* **Exercise data**
--- START ---
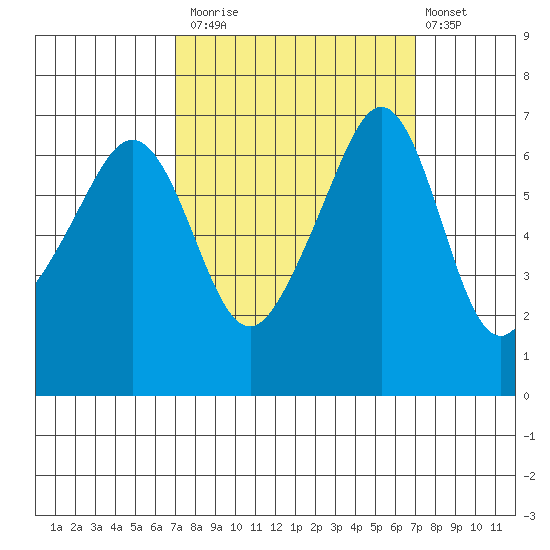 Lopez Island tide chart for Monday, September 26, 2022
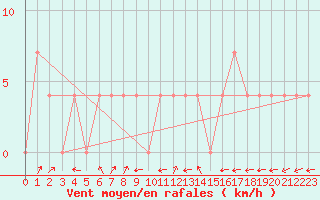 Courbe de la force du vent pour Warth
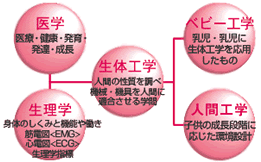 さまざまな観点から製品の研究・開発・検証を行っています。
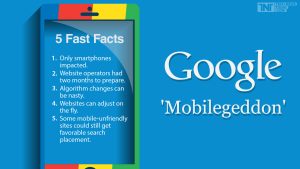 google mobilegeddon facts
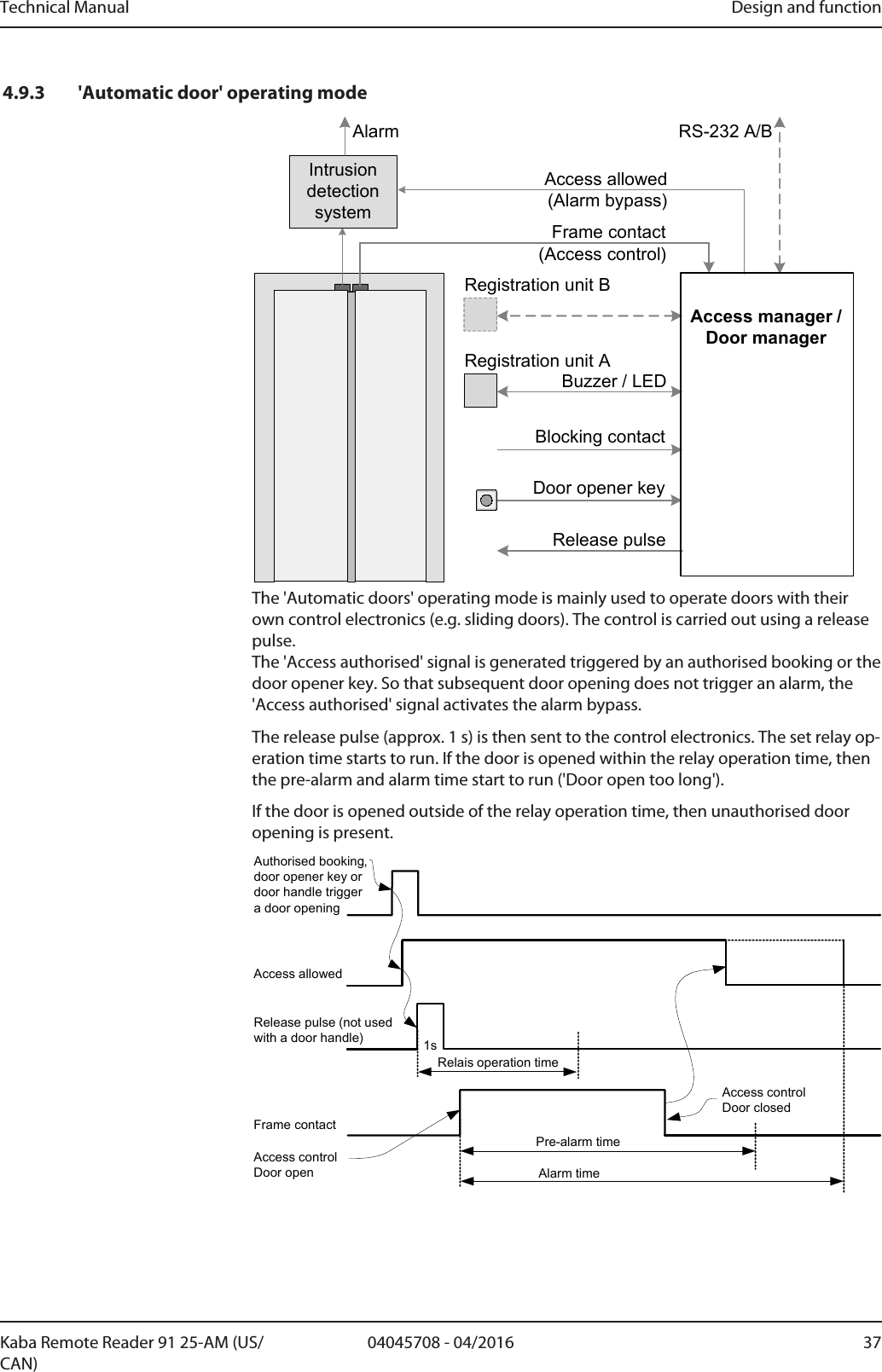 Technical Manual Design and function3704045708 - 04/2016Kaba Remote Reader 91 25-AM (US/CAN)4.9.3 &apos;Automatic door&apos; operating modeRelease pulseRS-232 A/BBuzzer / LEDAccess allowedIntrusion detection systemFrame contact(Alarm bypass)(Access control)Registration unit ABlocking contactRegistration unit BAlarmDoor opener keyAccess manager /Door managerThe &apos;Automatic doors&apos; operating mode is mainly used to operate doors with theirown control electronics (e.g. sliding doors). The control is carried out using a releasepulse.The &apos;Access authorised&apos; signal is generated triggered by an authorised booking or thedoor opener key. So that subsequent door opening does not trigger an alarm, the&apos;Access authorised&apos; signal activates the alarm bypass.The release pulse (approx. 1s) is then sent to the control electronics. The set relay op-eration time starts to run. If the door is opened within the relay operation time, thenthe pre-alarm and alarm time start to run (&apos;Door open too long&apos;).If the door is opened outside of the relay operation time, then unauthorised dooropening is present.Authorised booking, door opener key or door handle trigger a door openingFrame contactAccess allowedPre-alarm timeAlarm timeAccess control Door openAccess control Door closedRelease pulse (not used with a door handle)Relais operation time 1s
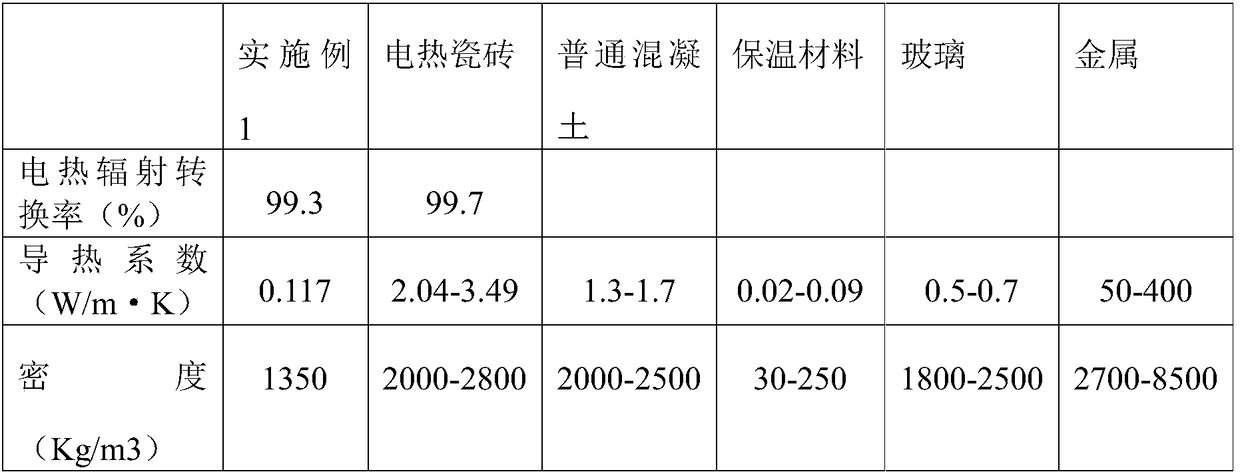 A low-temperature far-infrared integrated electric heating soft porcelain decoration material and its preparation method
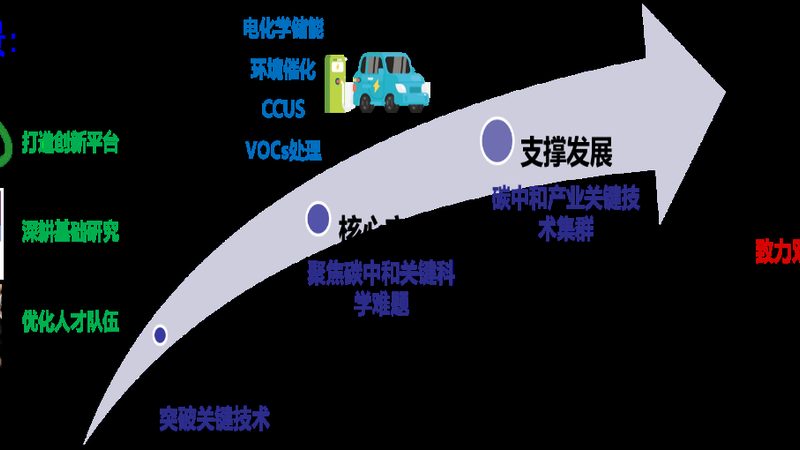 上海化工助剂公司哪家靠谱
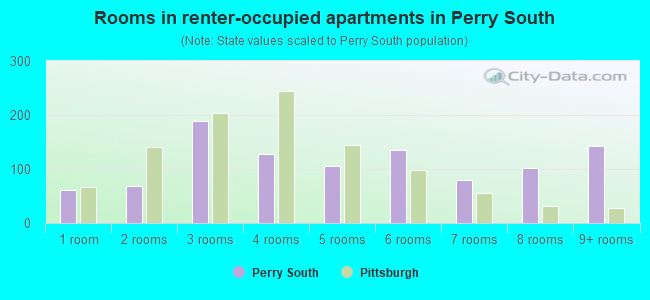 Rooms in renter-occupied apartments in Perry South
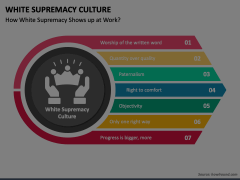 White Supremacy Culture Animated Presentation - SketchBubble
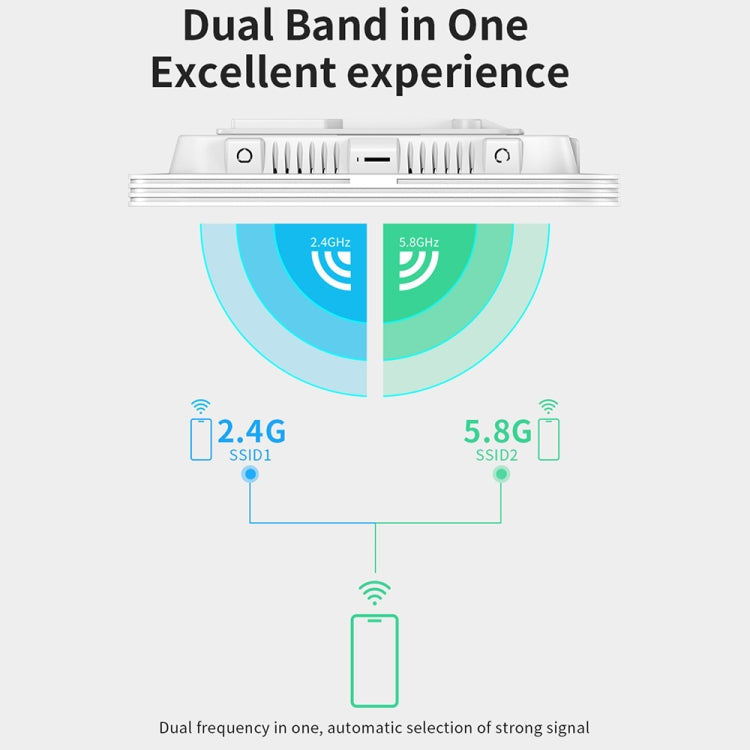 COMFAST CF-E395AX 3000Mbps WiFi6 2.4G & 5.8GHz Dual Band Indoor Wireless Ceiling AP - free shipping - PMC Jewellery - Order now!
--- END ---
Within the listing above, copy exactly the lines that start at the one with "Courbe de la force du vent pour Warth" and continue through the one with "google mobilegeddon facts". Omit pictures.

 Courbe de la force du vent pour Warth
 さまざまな観点から製品の研究・開発・検証を行っています。
 google mobilegeddon facts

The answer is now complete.